Kth Smallest Element in BST in DSA Typescript - Time & Space Complexity

We want to know how long it takes to find the kth smallest value in a Binary Search Tree (BST).

This helps us understand how the search time grows as the tree or k grows.

Analyze the time complexity of the following code snippet.

function kthSmallest(root: TreeNode | null, k: number): number {
  let count = 0;
  let result = -1;

  function inorder(node: TreeNode | null) {
    if (!node || result !== -1) return;
    inorder(node.left);
    count++;
    if (count === k) {
      result = node.val;
      return;
    }
    inorder(node.right);
  }

  inorder(root);
  return result;
}
    

This code does an in-order traversal of the BST to find the kth smallest element.

Identify the loops, recursion, array traversals that repeat.

• Primary operation: Recursive in-order traversal visiting nodes.
• How many times: Visits nodes until the kth smallest is found, up to k times in best case, up to n times in worst case.
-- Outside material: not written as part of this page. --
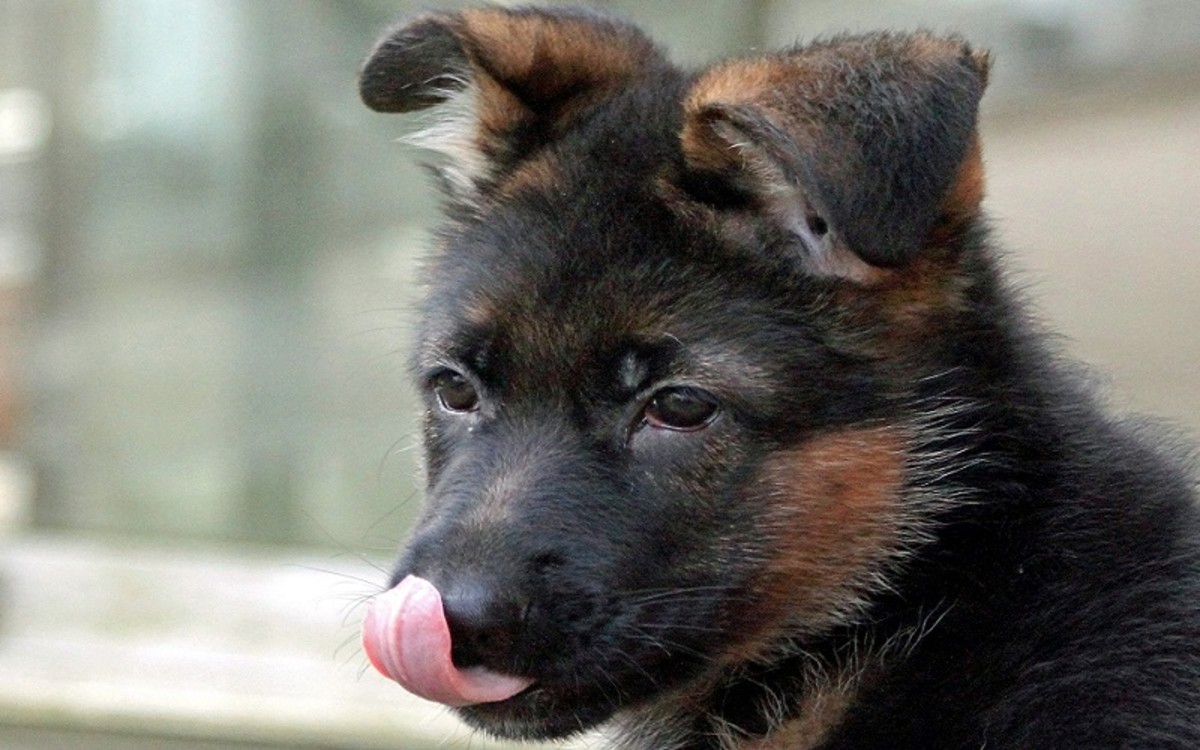 German Shepherd Puppy Ears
As the tree size (n) grows, the number of nodes visited depends on k and tree shape.

Input Size (n)	Approx. Operations (nodes visited)
10	Up to 10 (if k=10), or fewer if k smaller
100	Up to 100 (if k=100), or fewer if k smaller
1000	Up to 1000 (if k=1000), or fewer if k smaller

Pattern observation: The work grows roughly with k, but cannot exceed n (total nodes).

Time Complexity: O(h + k)

This means the time depends on the tree height (h) plus how many nodes we visit until kth smallest.

[X] Wrong: "The time is always O(n) because we might visit all nodes."

[OK] Correct: Actually, we stop once we find the kth smallest, so if k is small, we visit fewer nodes, making it faster than visiting all.

Understanding this time complexity shows you can analyze recursive tree traversals and how stopping early affects performance.

"What if the BST is balanced vs completely skewed? How would the time complexity change?"